**DATA EXCERPT**
+===+

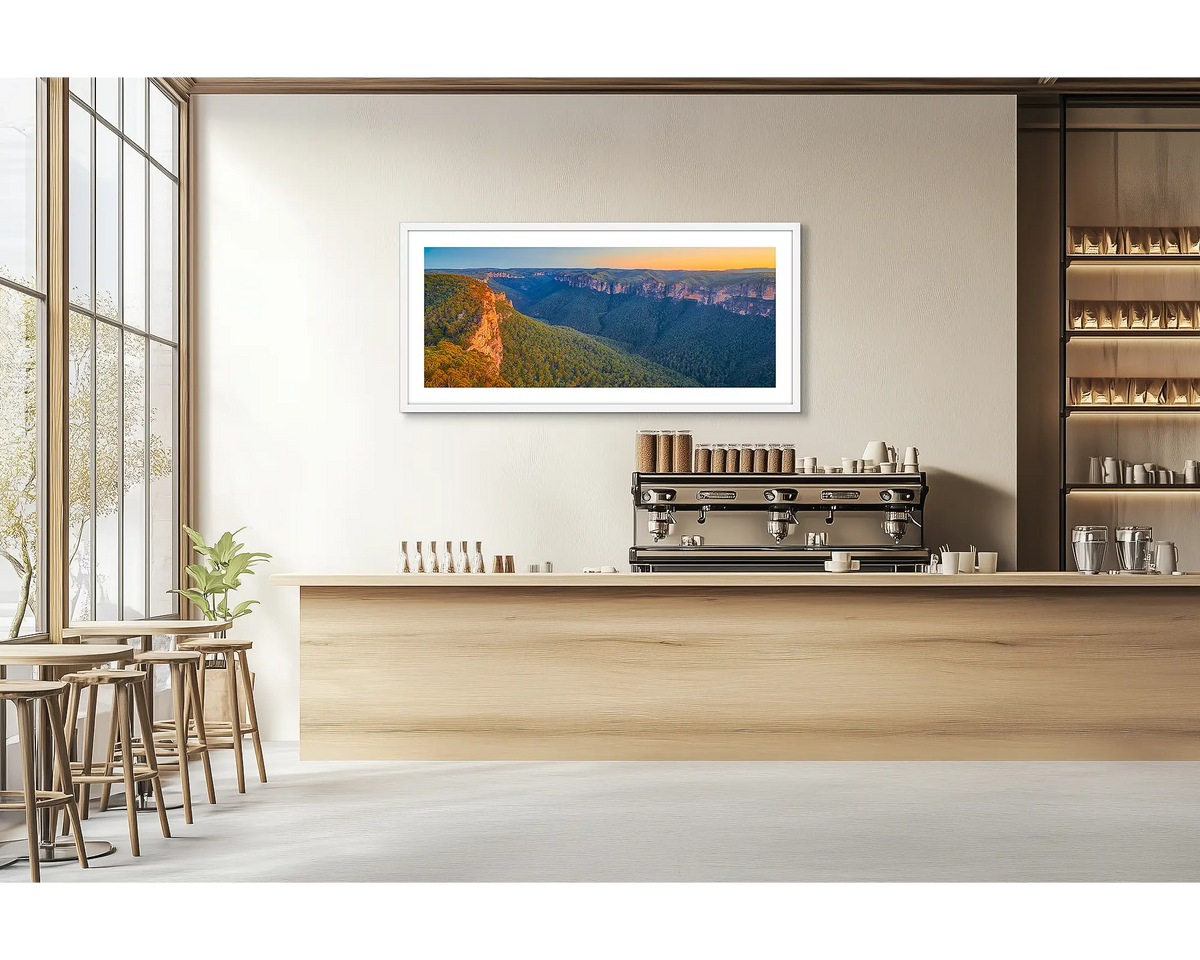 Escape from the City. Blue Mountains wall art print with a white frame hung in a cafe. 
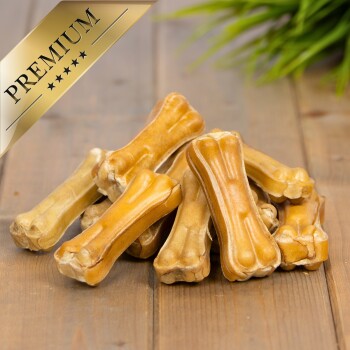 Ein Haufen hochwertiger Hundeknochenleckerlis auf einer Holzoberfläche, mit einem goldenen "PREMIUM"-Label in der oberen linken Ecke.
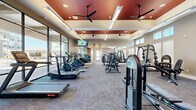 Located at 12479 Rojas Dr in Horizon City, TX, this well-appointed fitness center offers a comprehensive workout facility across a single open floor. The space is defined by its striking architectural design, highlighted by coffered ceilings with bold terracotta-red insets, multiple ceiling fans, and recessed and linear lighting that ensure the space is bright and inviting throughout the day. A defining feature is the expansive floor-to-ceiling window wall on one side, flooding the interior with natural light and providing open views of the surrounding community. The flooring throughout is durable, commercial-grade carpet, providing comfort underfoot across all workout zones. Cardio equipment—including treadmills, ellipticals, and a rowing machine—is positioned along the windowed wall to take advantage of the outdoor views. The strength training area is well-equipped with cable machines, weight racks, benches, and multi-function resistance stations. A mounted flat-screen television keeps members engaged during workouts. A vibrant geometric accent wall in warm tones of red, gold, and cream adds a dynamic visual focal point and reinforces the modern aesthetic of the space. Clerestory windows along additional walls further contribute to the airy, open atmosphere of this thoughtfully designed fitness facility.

+===+

**ASSIGNMENT**
Everything in the listing above, apart from its pictures, must be repeated exactly.

**SOLUTION FOR THIS TASK**
 Escape from the City. Blue Mountains wall art print with a white frame hung in a cafe. 
 Ein Haufen hochwertiger Hundeknochenleckerlis auf einer Holzoberfläche, mit einem goldenen "PREMIUM"-Label in der oberen linken Ecke.
 Located at 12479 Rojas Dr in Horizon City, TX, this well-appointed fitness center offers a comprehensive workout facility across a single open floor. The space is defined by its striking architectural design, highlighted by coffered ceilings with bold terracotta-red insets, multiple ceiling fans, and recessed and linear lighting that ensure the space is bright and inviting throughout the day. A defining feature is the expansive floor-to-ceiling window wall on one side, flooding the interior with natural light and providing open views of the surrounding community. The flooring throughout is durable, commercial-grade carpet, providing comfort underfoot across all workout zones. Cardio equipment—including treadmills, ellipticals, and a rowing machine—is positioned along the windowed wall to take advantage of the outdoor views. The strength training area is well-equipped with cable machines, weight racks, benches, and multi-function resistance stations. A mounted flat-screen television keeps members engaged during workouts. A vibrant geometric accent wall in warm tones of red, gold, and cream adds a dynamic visual focal point and reinforces the modern aesthetic of the space. Clerestory windows along additional walls further contribute to the airy, open atmosphere of this thoughtfully designed fitness facility.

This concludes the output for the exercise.